PROBLEM TO SOLVE
Your copy should begin with the line containing "Mark Wedding Jewelry", end with the line containing "Tommy Jeans Ripp", match the listing below exactly, and contain no pictures.

RECORD EXCERPTS
++++++

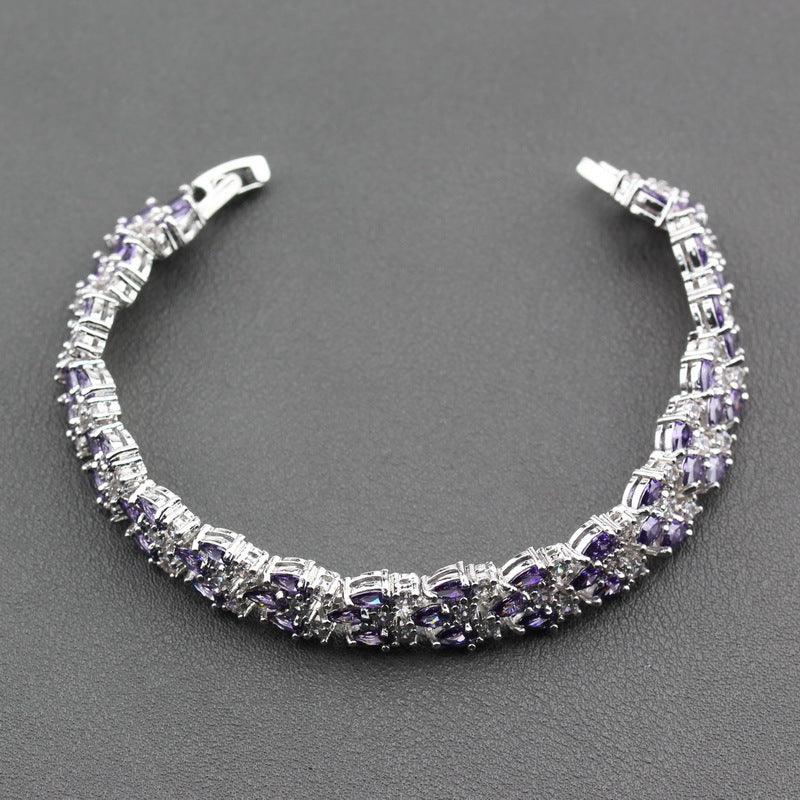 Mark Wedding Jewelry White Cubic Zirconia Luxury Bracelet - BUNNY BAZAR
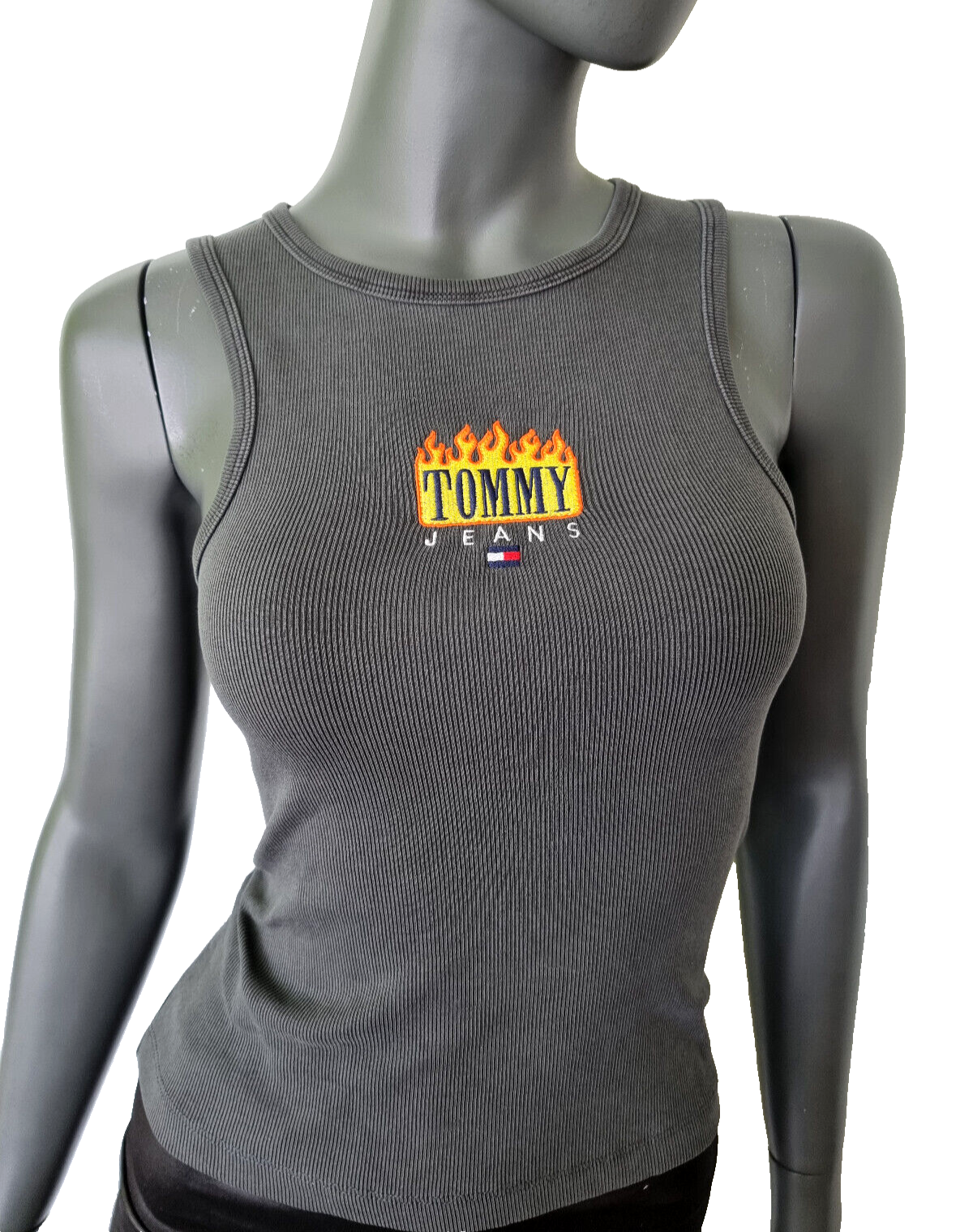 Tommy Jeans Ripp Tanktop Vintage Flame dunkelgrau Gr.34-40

++++++

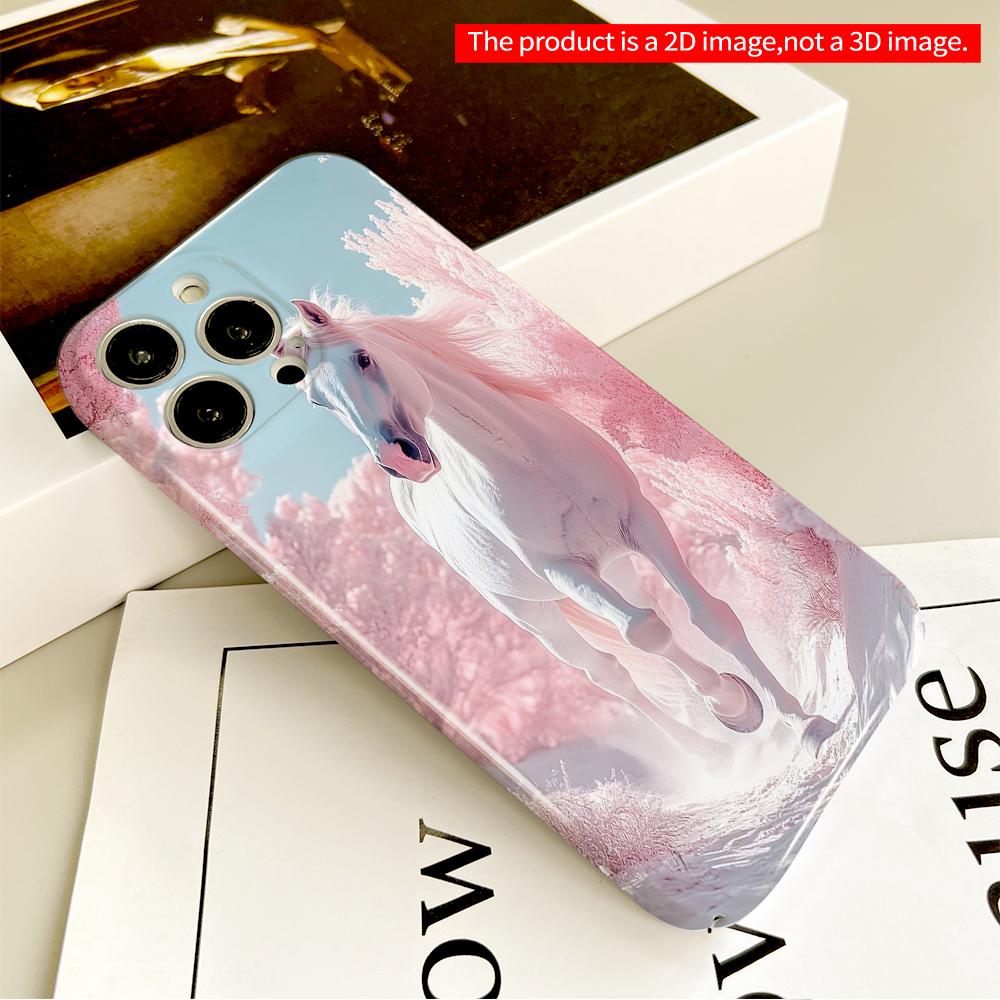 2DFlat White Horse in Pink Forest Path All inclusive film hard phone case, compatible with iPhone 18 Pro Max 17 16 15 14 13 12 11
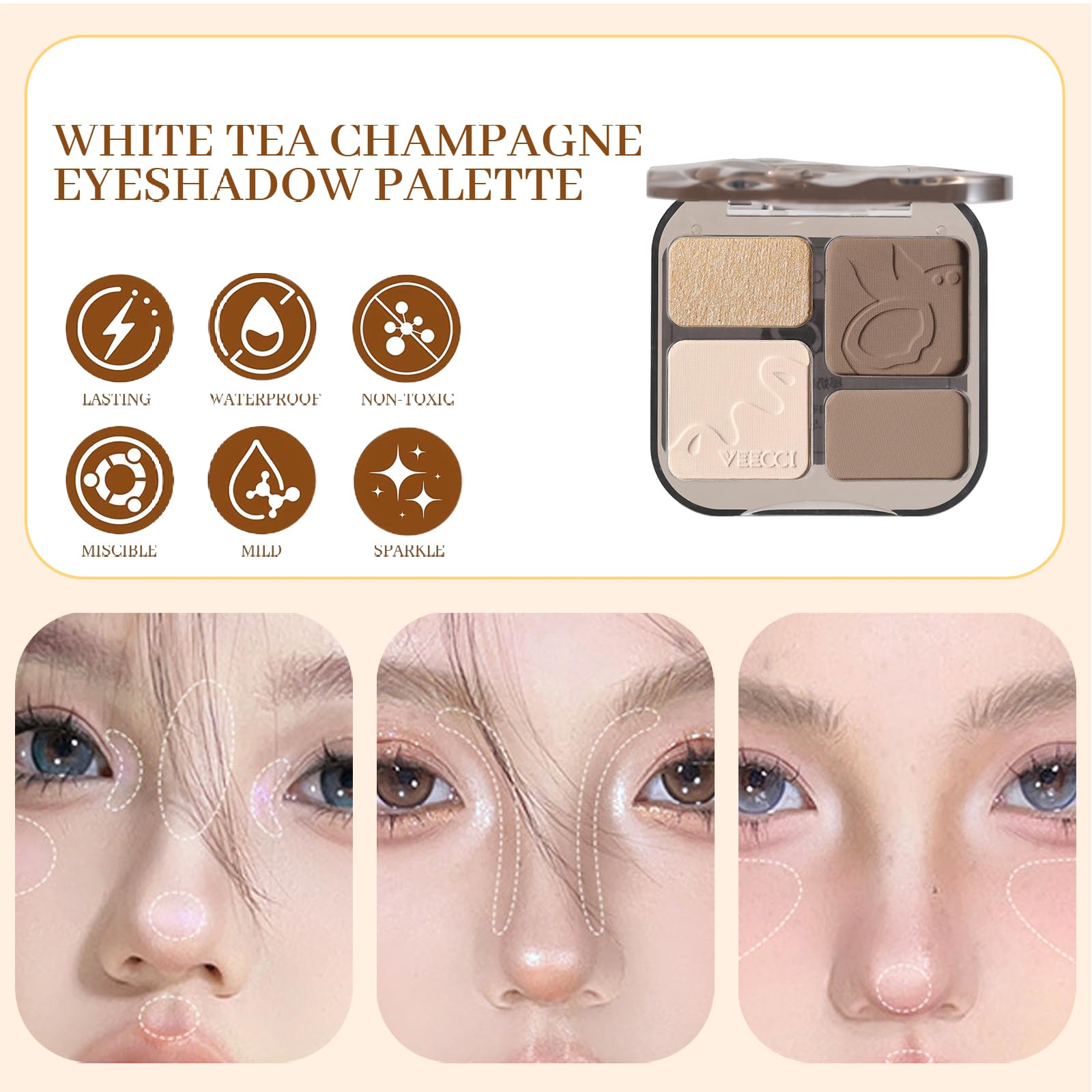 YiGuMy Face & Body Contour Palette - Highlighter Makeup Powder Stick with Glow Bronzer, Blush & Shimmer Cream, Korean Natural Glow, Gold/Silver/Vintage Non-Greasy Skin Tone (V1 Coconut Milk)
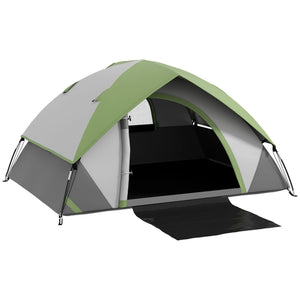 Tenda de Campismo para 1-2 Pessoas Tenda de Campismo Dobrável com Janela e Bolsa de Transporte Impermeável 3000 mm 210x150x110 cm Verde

++++++

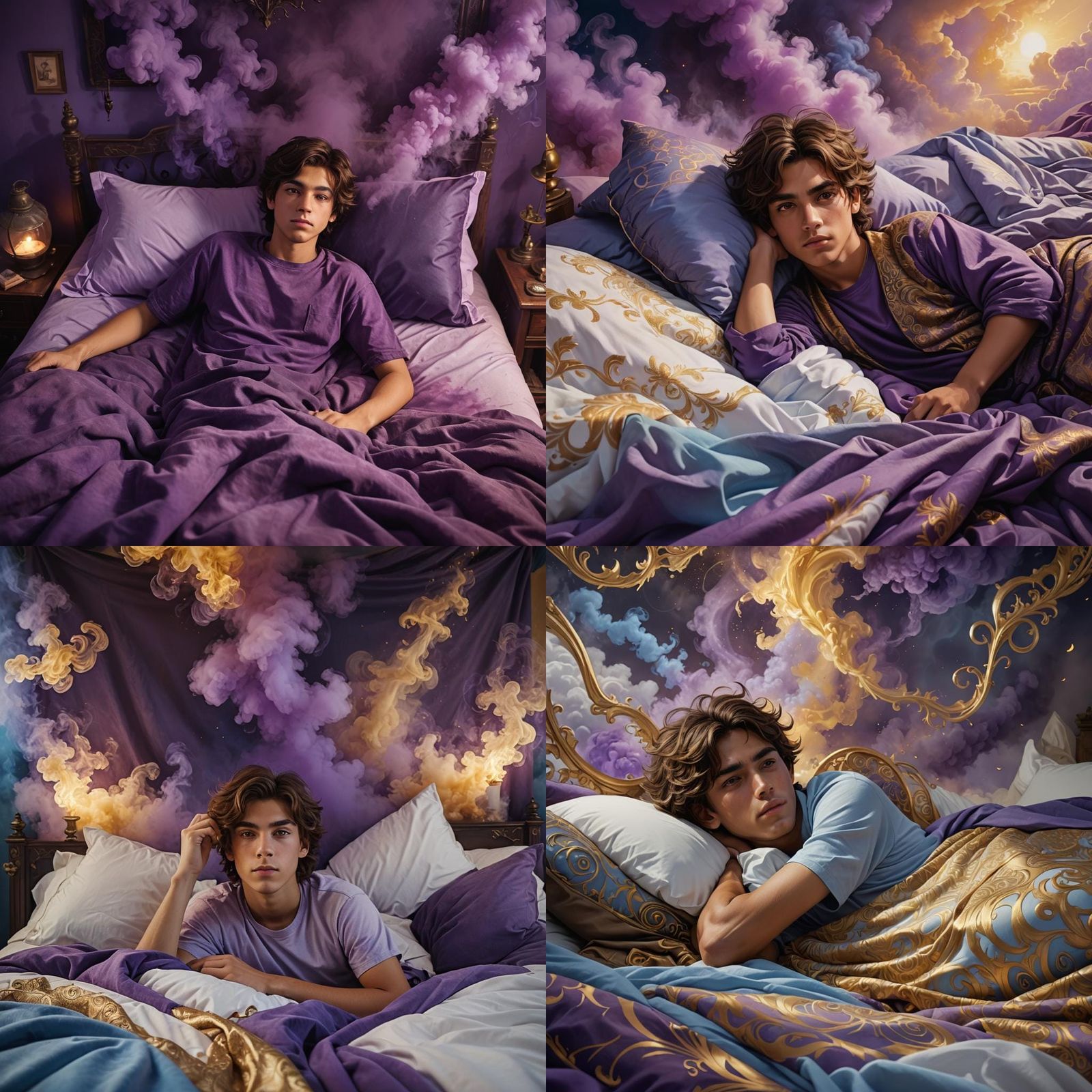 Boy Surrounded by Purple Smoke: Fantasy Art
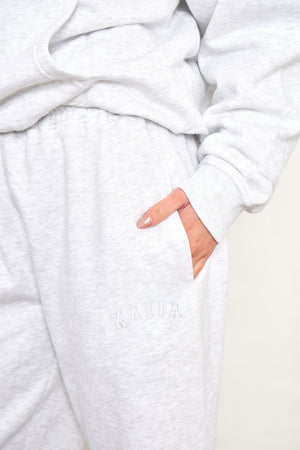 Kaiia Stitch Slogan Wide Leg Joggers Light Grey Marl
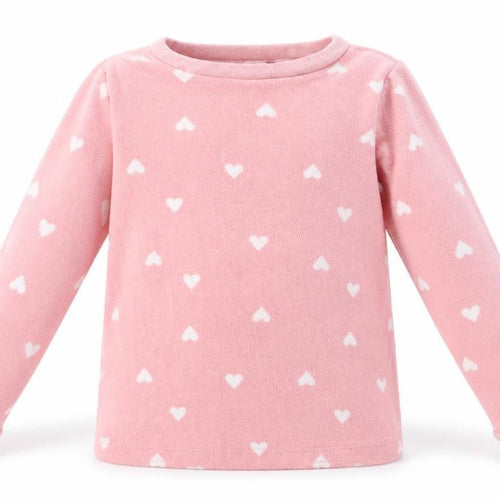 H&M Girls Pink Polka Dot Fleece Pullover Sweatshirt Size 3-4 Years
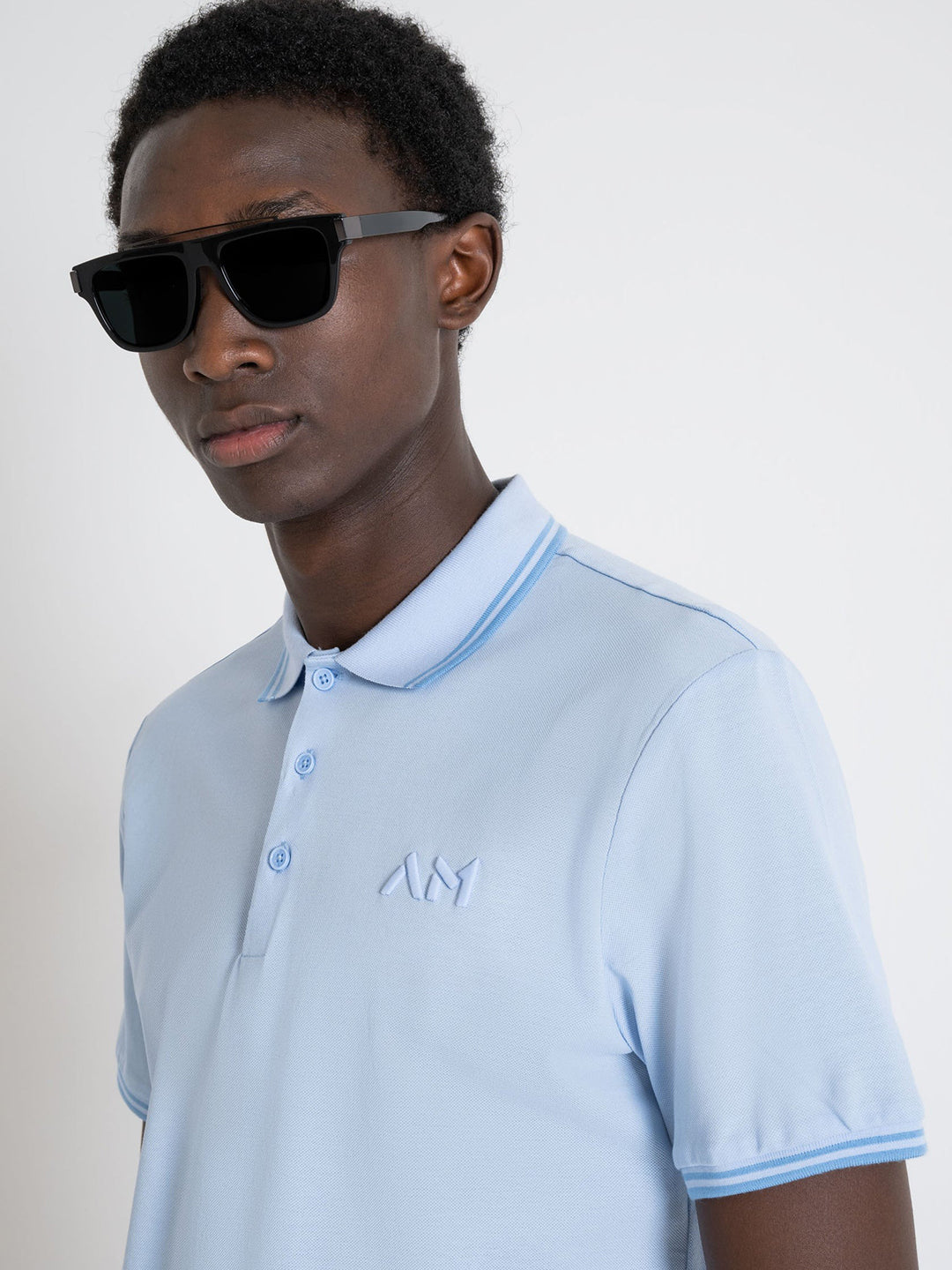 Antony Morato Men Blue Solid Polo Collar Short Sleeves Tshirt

++++++

TASK OUTPUT
 Mark Wedding Jewelry White Cubic Zirconia Luxury Bracelet - BUNNY BAZAR
 Tommy Jeans Ripp Tanktop Vintage Flame dunkelgrau Gr.34-40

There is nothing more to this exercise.